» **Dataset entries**
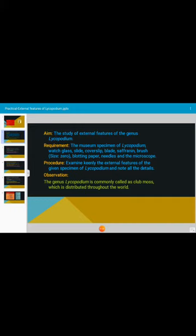In observation, what we have to write about the Lycopodium is the external features. We have to write external morphology of the Lycopodium. The genus Lycopodium is commonly called as club moss, which is distributed throughout the world.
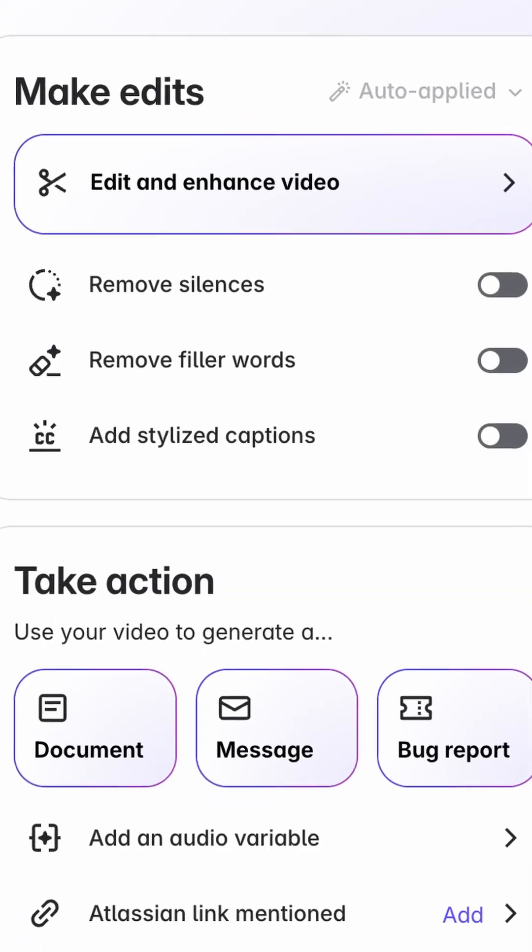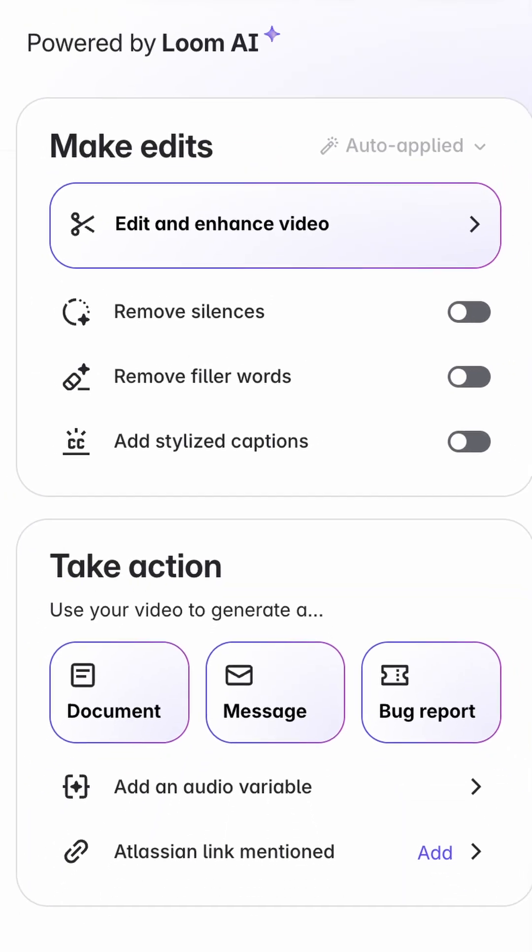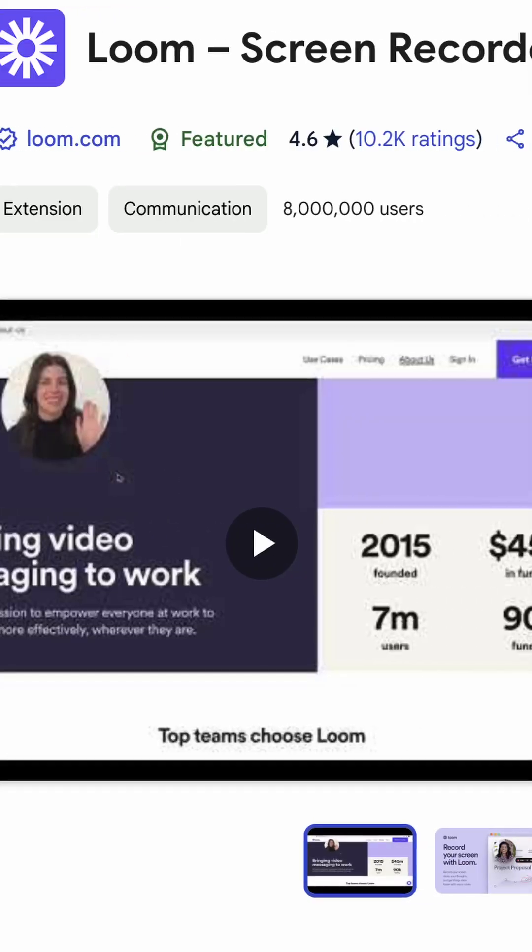I use this a lot when I make a video to cut off the front and the end. And depending on the tier subscription you have, you can also use AI to help remove filler words like ums and ahs. I personally use Loom almost every day to quickly share information and to help my colleagues see what I'm doing.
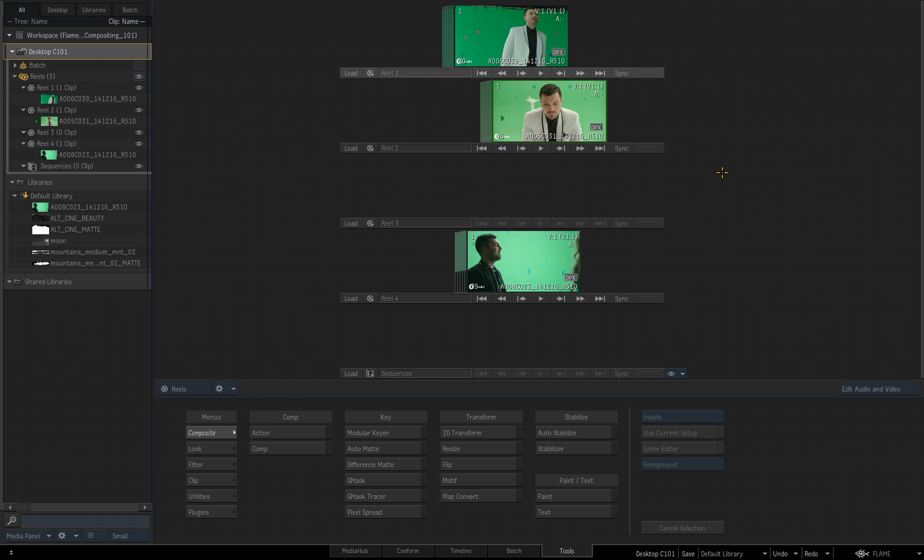So what that means is if I close Flame right now and relaunch this project, this is exactly how it's going to be displayed to me and be saved.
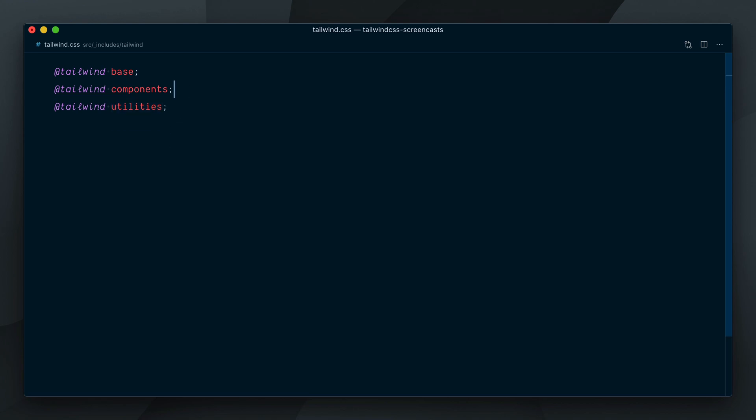Instead of doing that, I'll go below the three tailwind directives and open an at layer directive block down here, set to components. Whatever goes inside this block will be automatically moved to the right place in the generated CSS, so we don't need to fiddle around to manage the source order.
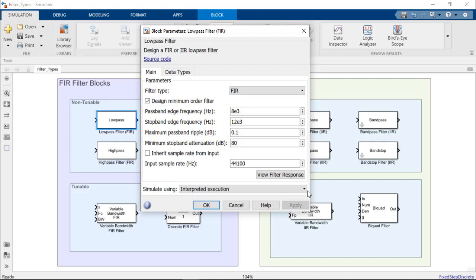With the filter type parameter, you can control whether the block implements an IIR or FIR filter.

» **PROMPT**
Output the records exactly. Drop the images.

» **ANSWER FOR THE TASK**
In observation, what we have to write about the Lycopodium is the external features. We have to write external morphology of the Lycopodium. The genus Lycopodium is commonly called as club moss, which is distributed throughout the world.
I use this a lot when I make a video to cut off the front and the end. And depending on the tier subscription you have, you can also use AI to help remove filler words like ums and ahs. I personally use Loom almost every day to quickly share information and to help my colleagues see what I'm doing.
So what that means is if I close Flame right now and relaunch this project, this is exactly how it's going to be displayed to me and be saved.
Instead of doing that, I'll go below the three tailwind directives and open an at layer directive block down here, set to components. Whatever goes inside this block will be automatically moved to the right place in the generated CSS, so we don't need to fiddle around to manage the source order.
With the filter type parameter, you can control whether the block implements an IIR or FIR filter.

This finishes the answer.